In practical applications, engineers and designers can first match the corresponding test standards (such as ASTM C1138, ASTM C944) according to the engineering scenario (such as high sand impact, dry friction), convert T/V through on-site hydraulic parameters (flow rate, test duration), and combine the proposed concrete mix parameters (w/b, FA/CA, etc.) to quickly obtain the predicted value of abrasion depth. If the prediction results do not meet the design requirements, the mix ratio can be adjusted according to the core influence law of w/b in SHAP analysis until the optimal scheme with both anti-wear performance and economy is obtained.

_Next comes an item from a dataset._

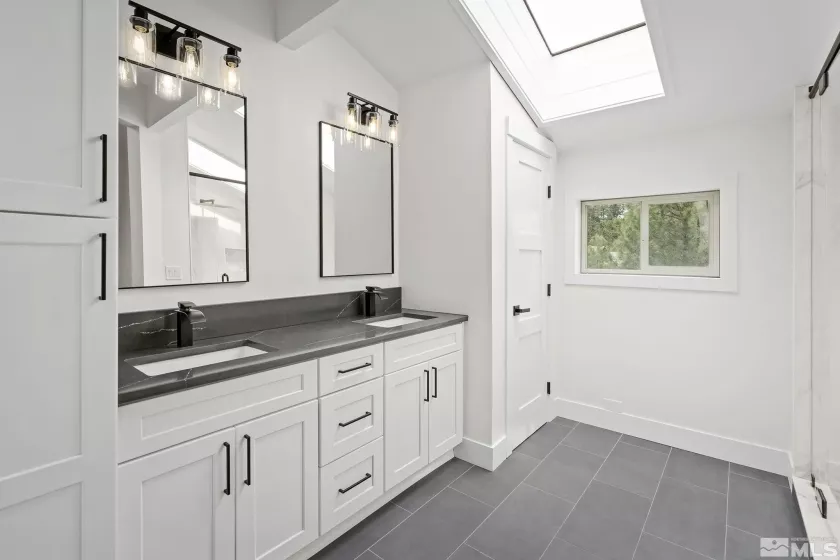 455 Blue Spruce, Reno, Nevada 89511, 4 Bedrooms Bedrooms, ,3 BathroomsBathrooms,Residential,Residential,Blue Spruce,230010509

However, this study also has several limitations: although 690 multi-source experimental data were collected, they are still mainly based on experimental conditions in the literature, without a large number of on-site in situ test data, which may limit the generalization ability of the model under extreme or special working conditions. The prediction model is based on specific standard abrasion test methods (such as ASTM C944, C779, C1138, and BIS 1237-1980), and further verification is needed for other uncovered test specifications or complex on-site flow patterns.